The second NOFO (HRSA-21-068), entitled “Using Innovative Intervention Strategies to Improve Health Outcomes among People with HIV - Evaluation Center,” will fund an organization to act as an evaluation center (EC) to evaluate the piloted interventions. The EC will assess the ability of each subawarded site to successfully implement and integrate the intervention strategy. The EC will also assess associated improvements in client outcomes along the HIV care continuum for clients engaged in the piloted interventions. The EC’s findings will determine dissemination plans for the replication tools and materials created by the CCTA with the goal of disseminating those intervention strategies most likely to reduce disparities and improve outcomes across the RWHAP.
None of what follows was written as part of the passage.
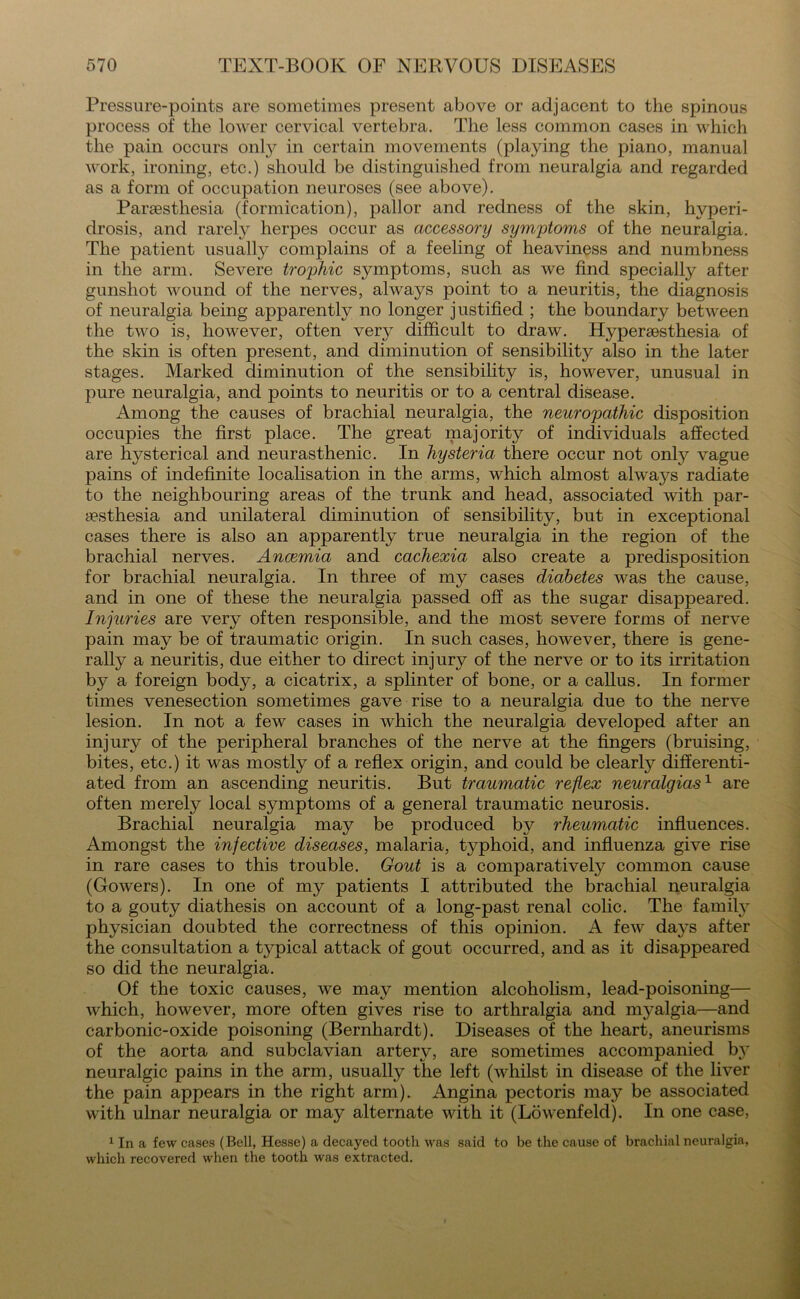 Pressure-points are sometimes present above or adjacent to the spinous process of the lower cervical vertebra. The less common cases in which the pain occurs only in certain movements (playing the piano, manual work, ironing, etc.) should be distinguished from neuralgia and regarded as a form of occupation neuroses (see above). Paraesthesia (formication), pallor and redness of the skin, hvperi- drosis, and rarely herpes occur as accessory symptoms of the neuralgia. The patient usually complains of a feeling of heaviness and numbness in the arm. Severe trophic symptoms, such as we find specially after gunshot wound of the nerves, always point to a neuritis, the diagnosis of neuralgia being apparently no longer justified ; the boundary between the two is, however, often very difficult to draw. Hypersesthesia of the skin is often present, and diminution of sensibility also in the later stages. Marked diminution of the sensibility is, however, unusual in pure neuralgia, and points to neuritis or to a central disease. Among the causes of brachial neuralgia, the neuropathic disposition occupies the first place. The great majority of individuals affected are hysterical and neurasthenic. In hysteria there occur not only vague pains of indefinite localisation in the arms, which almost always radiate to the neighbouring areas of the trunk and head, associated with par- aesthesia and unilateral diminution of sensibility, but in exceptional cases there is also an apparently true neuralgia in the region of the brachial nerves. Anaemia and cachexia also create a predisposition for brachial neuralgia. In three of my cases diabetes was the cause, and in one of these the neuralgia passed off as the sugar disappeared. Injuries are very often responsible, and the most severe forms of nerve pain may be of traumatic origin. In such cases, however, there is gene- rally a neuritis, due either to direct injury of the nerve or to its irritation by a foreign body, a cicatrix, a splinter of bone, or a callus. In former times venesection sometimes gave rise to a neuralgia due to the nerve lesion. In not a few cases in which the neuralgia developed after an injury of the peripheral branches of the nerve at the fingers (bruising, bites, etc.) it was mostly of a reflex origin, and could be clearly differenti- ated from an ascending neuritis. But traumatic reflex neuralgias1 are often merely local symptoms of a general traumatic neurosis. Brachial neuralgia may be produced by rheumatic influences. Amongst the infective diseases, malaria, typhoid, and influenza give rise in rare cases to this trouble. Gout is a comparatively common cause (Gowers). In one of my patients I attributed the brachial neuralgia to a gouty diathesis on account of a long-past renal colic. The family physician doubted the correctness of this opinion. A few days after the consultation a typical attack of gout occurred, and as it disappeared so did the neuralgia. Of the toxic causes, we may mention alcoholism, lead-poisoning— which, however, more often gives rise to arthralgia and myalgia—and carbonic-oxide poisoning (Bernhardt). Diseases of the heart, aneurisms of the aorta and subclavian artery, are sometimes accompanied b^y neuralgic pains in the arm, usually the left (whilst in disease of the liver the pain appears in the right arm). Angina pectoris may be associated with ulnar neuralgia or may alternate with it (Lowenfeld). In one case, 1 In a few cases (Bell, Hesse) a decayed tooth was said to be the cause of brachial neuralgia, which recovered when the tooth was extracted.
Building Capacity to Improve Collecting and Reporting Viral Suppression Data for the Medicaid Health Care Quality Measure
In addition, HRSA’s HIV/AIDS Bureau also released a NOFO (HRSA-21-083) entitled “Building Capacity to Improve Collecting and Reporting Viral Suppression Data to the Medicaid Adult Core Set.”This four-year initiative seeks to develop strategies to build capacity among HIV surveillance and Medicaid programs for reporting high-quality HIV viral suppression data to comply with reporting of the HIV Viral Load Suppression (HVL-AD) measure in the Core Set of Adult Health Care Quality Measures for Medicaid (Medicaid Adult Core Set). This work is a continuation of a collaboration among HRSA, CMS, and CDC to better coordinate data among Medicaid, Medicare, and the RWHAP to improve engagement and retention in care and patient outcomes. HRSA will award one (1) System Coordination Provider (SCP) to select, fund, and work with up to 10 RWHAP Part B state health departments and their associated HIV surveillance and Medicaid programs. The SCP also will work with RWHAP Part B states and HRSA staff to disseminate and promote the replication of findings and lessons learned from the project. Through the SPNS program, HRSA will provide funding in the form of a cooperative agreement. Approximately $4,000,000 will be available annually to fund one SCP recipient. The application due date is February 16, 2021.
All application material is currently available on Grants.gov.